=== Input for this task ===

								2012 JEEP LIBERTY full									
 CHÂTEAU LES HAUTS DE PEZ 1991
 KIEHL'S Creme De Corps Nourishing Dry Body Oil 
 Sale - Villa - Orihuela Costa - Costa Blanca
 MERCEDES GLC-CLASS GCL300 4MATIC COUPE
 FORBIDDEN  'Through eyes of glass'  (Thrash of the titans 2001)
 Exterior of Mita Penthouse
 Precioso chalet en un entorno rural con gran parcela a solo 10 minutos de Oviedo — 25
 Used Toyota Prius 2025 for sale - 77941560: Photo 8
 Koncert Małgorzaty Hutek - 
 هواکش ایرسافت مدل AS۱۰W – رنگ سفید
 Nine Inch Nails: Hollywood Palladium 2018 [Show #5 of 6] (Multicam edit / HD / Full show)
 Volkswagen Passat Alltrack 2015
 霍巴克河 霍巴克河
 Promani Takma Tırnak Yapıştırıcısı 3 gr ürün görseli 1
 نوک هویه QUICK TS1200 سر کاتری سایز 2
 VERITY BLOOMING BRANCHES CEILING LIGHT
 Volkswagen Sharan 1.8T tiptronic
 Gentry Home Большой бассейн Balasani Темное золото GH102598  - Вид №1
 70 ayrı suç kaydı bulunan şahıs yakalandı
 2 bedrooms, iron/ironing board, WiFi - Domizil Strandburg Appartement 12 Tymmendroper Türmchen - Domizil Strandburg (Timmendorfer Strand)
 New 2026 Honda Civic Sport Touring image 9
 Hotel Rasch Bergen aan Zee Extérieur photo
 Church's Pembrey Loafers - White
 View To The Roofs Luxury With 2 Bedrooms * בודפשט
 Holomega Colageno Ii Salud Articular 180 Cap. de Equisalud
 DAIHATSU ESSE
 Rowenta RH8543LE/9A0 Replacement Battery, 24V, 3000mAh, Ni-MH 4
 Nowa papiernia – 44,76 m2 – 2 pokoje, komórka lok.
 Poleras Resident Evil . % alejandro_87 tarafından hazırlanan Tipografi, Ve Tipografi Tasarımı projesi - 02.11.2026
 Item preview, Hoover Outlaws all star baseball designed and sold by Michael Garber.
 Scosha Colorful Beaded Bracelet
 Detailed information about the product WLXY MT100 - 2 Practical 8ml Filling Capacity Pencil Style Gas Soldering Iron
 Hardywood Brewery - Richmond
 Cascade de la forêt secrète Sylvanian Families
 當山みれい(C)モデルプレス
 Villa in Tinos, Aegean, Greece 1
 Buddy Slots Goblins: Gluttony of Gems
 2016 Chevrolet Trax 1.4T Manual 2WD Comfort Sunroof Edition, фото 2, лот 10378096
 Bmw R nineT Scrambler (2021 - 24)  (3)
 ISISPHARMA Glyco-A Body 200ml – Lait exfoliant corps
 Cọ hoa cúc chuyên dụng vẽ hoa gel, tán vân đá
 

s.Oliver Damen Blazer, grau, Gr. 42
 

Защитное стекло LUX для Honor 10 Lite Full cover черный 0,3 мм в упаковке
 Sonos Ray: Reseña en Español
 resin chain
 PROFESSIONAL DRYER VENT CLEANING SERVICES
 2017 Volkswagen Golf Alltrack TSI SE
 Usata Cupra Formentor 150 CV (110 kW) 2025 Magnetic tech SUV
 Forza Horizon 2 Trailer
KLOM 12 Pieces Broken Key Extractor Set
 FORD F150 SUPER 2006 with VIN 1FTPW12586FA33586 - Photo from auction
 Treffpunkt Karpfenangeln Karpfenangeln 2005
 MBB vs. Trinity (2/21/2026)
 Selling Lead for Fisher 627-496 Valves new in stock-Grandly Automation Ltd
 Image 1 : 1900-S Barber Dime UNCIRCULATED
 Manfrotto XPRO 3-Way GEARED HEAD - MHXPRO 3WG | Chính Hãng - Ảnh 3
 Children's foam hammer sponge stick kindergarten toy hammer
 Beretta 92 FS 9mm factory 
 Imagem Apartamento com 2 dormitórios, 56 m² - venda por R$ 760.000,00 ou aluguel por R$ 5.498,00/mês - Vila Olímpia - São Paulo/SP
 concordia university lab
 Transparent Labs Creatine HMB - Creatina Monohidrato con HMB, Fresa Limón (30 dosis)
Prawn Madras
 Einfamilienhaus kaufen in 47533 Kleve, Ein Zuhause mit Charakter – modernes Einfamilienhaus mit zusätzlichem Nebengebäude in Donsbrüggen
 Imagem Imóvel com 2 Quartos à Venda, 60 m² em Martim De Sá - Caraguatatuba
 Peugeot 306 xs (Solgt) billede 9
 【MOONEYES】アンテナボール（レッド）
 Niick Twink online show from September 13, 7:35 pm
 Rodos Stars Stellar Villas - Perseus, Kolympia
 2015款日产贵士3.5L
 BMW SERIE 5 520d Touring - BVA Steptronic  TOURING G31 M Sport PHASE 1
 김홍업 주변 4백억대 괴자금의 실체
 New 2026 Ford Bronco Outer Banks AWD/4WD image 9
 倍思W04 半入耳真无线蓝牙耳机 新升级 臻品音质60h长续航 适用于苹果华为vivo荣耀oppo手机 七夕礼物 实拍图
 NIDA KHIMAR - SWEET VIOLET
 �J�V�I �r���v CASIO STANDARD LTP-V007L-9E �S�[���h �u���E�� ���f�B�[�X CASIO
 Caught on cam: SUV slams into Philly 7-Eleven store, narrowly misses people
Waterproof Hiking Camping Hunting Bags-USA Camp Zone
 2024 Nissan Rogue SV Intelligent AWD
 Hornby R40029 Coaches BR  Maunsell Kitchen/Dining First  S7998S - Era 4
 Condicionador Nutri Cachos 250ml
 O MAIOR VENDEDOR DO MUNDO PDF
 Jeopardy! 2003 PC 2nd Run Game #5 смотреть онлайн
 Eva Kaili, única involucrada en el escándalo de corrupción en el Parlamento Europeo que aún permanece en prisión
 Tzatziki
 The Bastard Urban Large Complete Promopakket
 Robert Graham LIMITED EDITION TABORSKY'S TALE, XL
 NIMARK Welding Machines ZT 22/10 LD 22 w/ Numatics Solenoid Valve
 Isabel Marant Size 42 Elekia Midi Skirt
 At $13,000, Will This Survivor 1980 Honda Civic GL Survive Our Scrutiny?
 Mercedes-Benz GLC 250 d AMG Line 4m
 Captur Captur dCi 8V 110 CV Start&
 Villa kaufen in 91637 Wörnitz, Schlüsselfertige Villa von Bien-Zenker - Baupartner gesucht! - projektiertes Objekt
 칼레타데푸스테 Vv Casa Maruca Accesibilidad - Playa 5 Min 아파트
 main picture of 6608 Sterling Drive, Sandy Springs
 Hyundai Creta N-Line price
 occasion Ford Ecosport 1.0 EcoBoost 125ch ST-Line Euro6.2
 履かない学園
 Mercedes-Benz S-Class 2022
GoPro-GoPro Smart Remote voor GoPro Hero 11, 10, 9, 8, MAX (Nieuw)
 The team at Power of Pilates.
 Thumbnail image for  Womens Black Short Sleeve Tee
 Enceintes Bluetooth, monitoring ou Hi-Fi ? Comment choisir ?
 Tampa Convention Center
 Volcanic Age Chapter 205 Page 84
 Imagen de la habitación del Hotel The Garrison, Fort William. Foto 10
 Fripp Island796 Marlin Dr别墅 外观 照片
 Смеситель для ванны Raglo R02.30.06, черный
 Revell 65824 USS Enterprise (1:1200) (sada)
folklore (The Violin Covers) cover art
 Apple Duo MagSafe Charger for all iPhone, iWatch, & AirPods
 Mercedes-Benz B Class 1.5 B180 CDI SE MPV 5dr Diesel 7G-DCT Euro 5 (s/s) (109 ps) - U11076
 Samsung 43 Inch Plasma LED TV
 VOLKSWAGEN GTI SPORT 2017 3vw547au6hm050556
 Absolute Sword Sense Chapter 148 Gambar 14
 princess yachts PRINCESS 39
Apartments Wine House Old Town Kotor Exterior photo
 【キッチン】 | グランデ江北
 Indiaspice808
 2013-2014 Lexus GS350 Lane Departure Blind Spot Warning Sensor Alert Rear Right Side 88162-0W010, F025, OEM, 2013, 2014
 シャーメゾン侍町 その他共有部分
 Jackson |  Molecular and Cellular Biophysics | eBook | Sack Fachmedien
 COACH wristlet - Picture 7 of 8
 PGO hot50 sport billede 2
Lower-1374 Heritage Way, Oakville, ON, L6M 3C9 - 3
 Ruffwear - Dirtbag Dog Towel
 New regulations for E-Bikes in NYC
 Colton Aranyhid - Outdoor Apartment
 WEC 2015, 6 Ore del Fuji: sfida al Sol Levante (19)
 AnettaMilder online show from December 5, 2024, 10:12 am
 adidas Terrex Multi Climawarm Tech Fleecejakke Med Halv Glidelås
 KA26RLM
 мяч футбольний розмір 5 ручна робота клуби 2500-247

===

[Your objective] Give back the records word for word. Start at the first line, end at the line containing "Precioso chalet en", and include both.

[Solved exercise]
								2012 JEEP LIBERTY full									
 CHÂTEAU LES HAUTS DE PEZ 1991
 KIEHL'S Creme De Corps Nourishing Dry Body Oil 
 Sale - Villa - Orihuela Costa - Costa Blanca
 MERCEDES GLC-CLASS GCL300 4MATIC COUPE
 FORBIDDEN  'Through eyes of glass'  (Thrash of the titans 2001)
 Exterior of Mita Penthouse
 Precioso chalet en un entorno rural con gran parcela a solo 10 minutos de Oviedo — 25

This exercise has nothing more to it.